03-17-2025 11:12 AM
I have the need to programmatically load a project with known load conflicts (i.e. dependencies will not be at the expected location) and I would like LabVIEW to prompt the user to navigate to the appropriate locations on disk for each dependency. When I open the project through the Windows file explorer I get the expected load conflicts popup messages, however when I open the project programmatically via invoke nodes those load conflict popup messages are suppressed. Does anyone know of a way to open the project programmatically without suppressing this load conflict dialogs?
I'm happy to discuss WHY I want to do it this way, but really just need a go or no-go from NI on if there is a special method I can use to open a project without suppressing these dialogs.
03-17-2025 11:25 AM
What about using the system exec function to open it as if it was double-clicked on?
03-17-2025 11:53 AM
That definitely gives me the behavior I need, I bet I could hack a solution together based on this concept and monitoring active projects in the application instance. High level I am putting together a tool that can clone a git repository, pull submodules, and build the submodule PPLs in the correct order. I'm in good shape outside of submodule projects not being able to source their dependent PPLs on first open.
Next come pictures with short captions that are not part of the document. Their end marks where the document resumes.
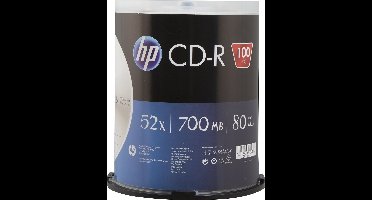 HP CRE00021 CD-R disc 700 MB 100 stuk(s) Spindel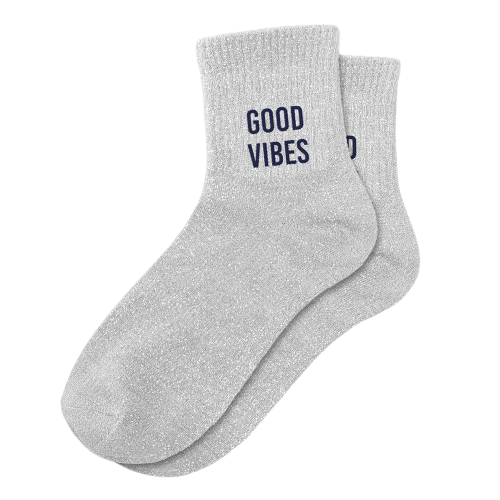 Chaussette Paillette Good Vibes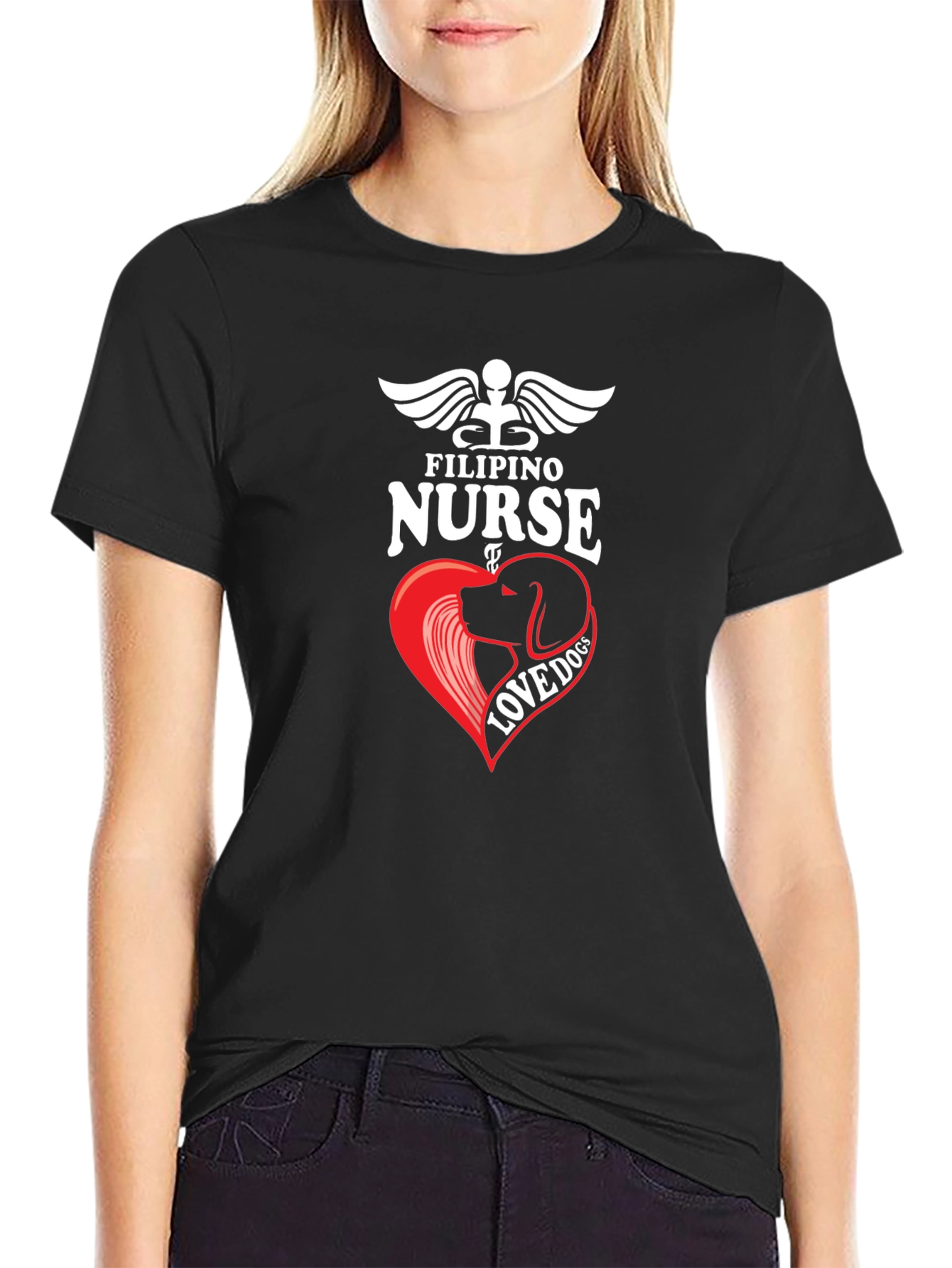 Filipino Nurse Love Dog T-Shirt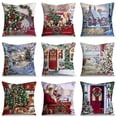 thumbnail image 3 of Funda de cojín navideña para decoración del hogar, adornos navideños para regalos de Navidad y Año Nuevo, 2023, 2024, 3 of 4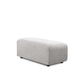 HKliving jax bank: element hocker small sneak light grijs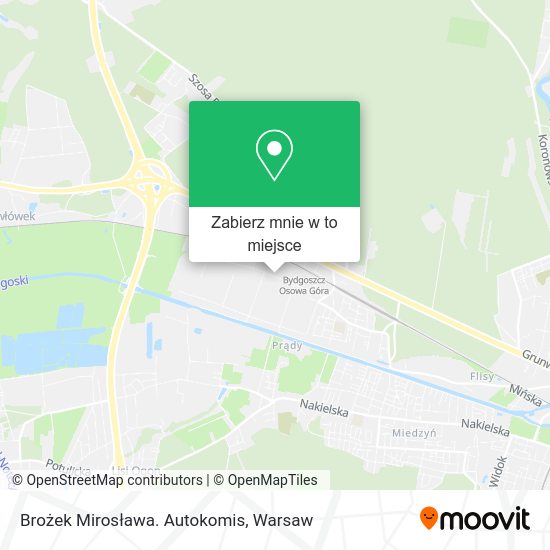 Mapa Brożek Mirosława. Autokomis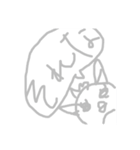 わたしがよく使う言葉を話すつーちゃん（個別スタンプ：4）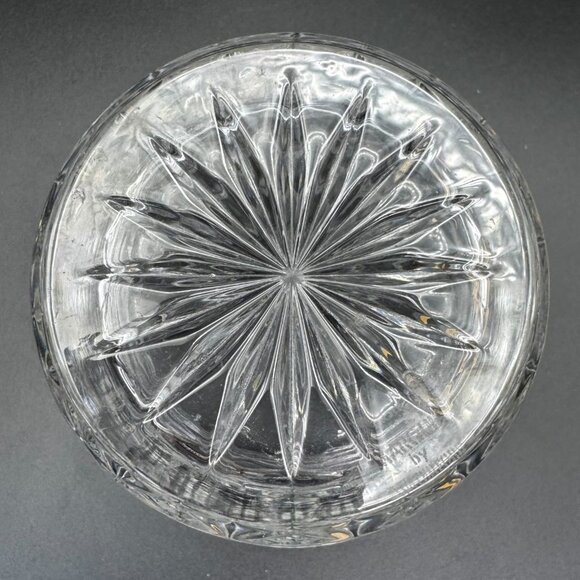 Vtg Waterford Marquis Diamond-Cut Flower Pot Vase 5.25" Tall Starburst Base Desi - Picture 4 of 7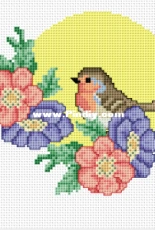 Alita Designs - Robin with Flowers - Free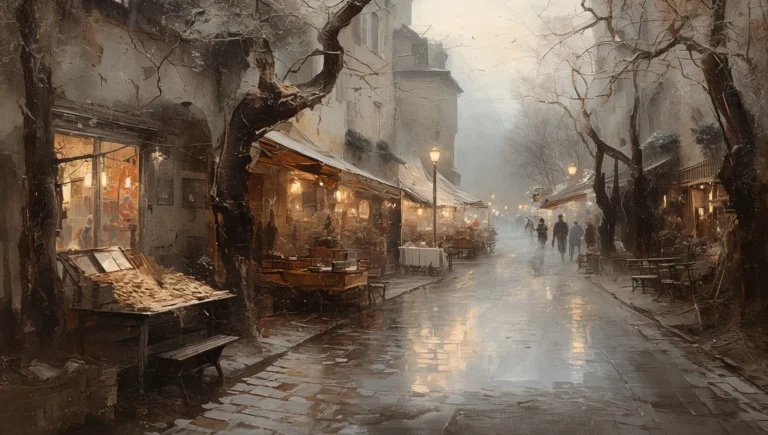 vintage-painting-wallpapers-old-town-market-scene-ipad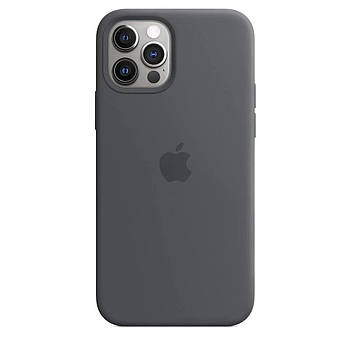Чохол Silicone FULL case для IPhone 13 Pro max Dark grey (29) темно-сірий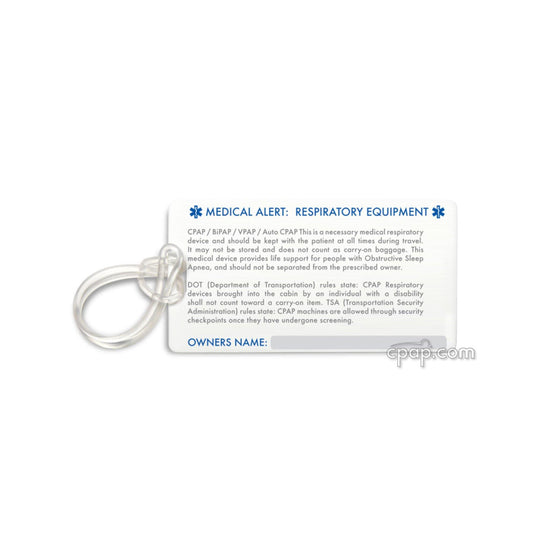 CPAP.com Medical Identification Luggage Tag for CPAP Equipment - cpap.com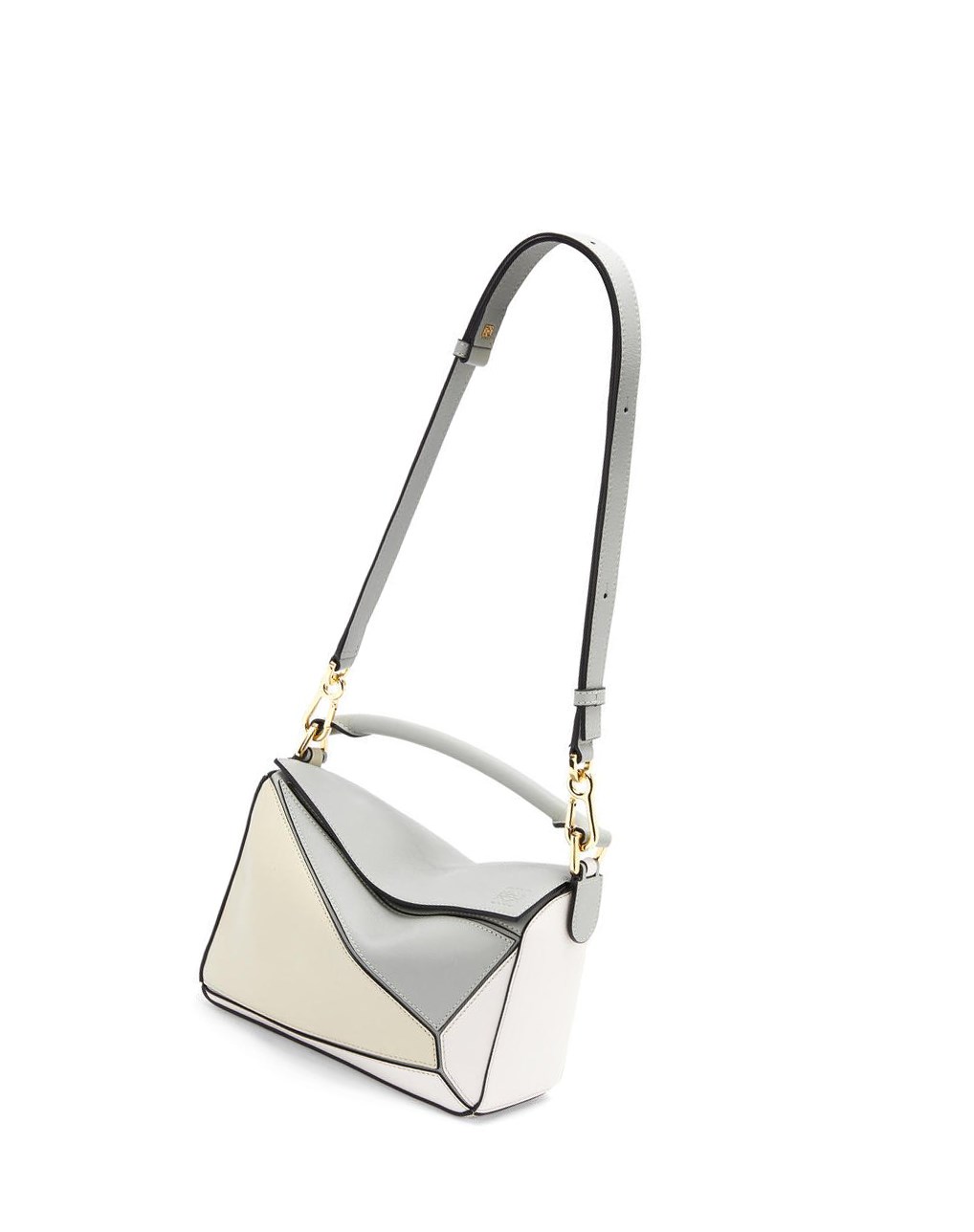 Loewe Small Puzzle bag in classic calfskin Grise Vert | 9637KFURH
What I really want, I guess, is a way to programmatically open a project while specifying paths to dependencies not in vi.lib as a way to preempt the load conflicts altogether.
Anyhow, thanks for the thought.
03-17-2025 12:37 PM
Instead of opening the project, you could parse its XML and look for things that aren't in the expected locations, then programmatically modify the XML (via prompting the user for the correct paths I guess?) before actually opening the project.
03-17-2025 12:59 PM
Hi,
You can specify search paths to help LabVIEW find missing dependencies when opening the project, by using the private property "Search Paths":
But I don't really understand why you would have load conflicts in the first place.
If there is a conflict, it means the PPLs are missing, so how could the user select where they are? Did the PPLs' location change?
Or maybe you just want a list of support PPLs of a given project in order to also clone and build the PPLs' subprojects?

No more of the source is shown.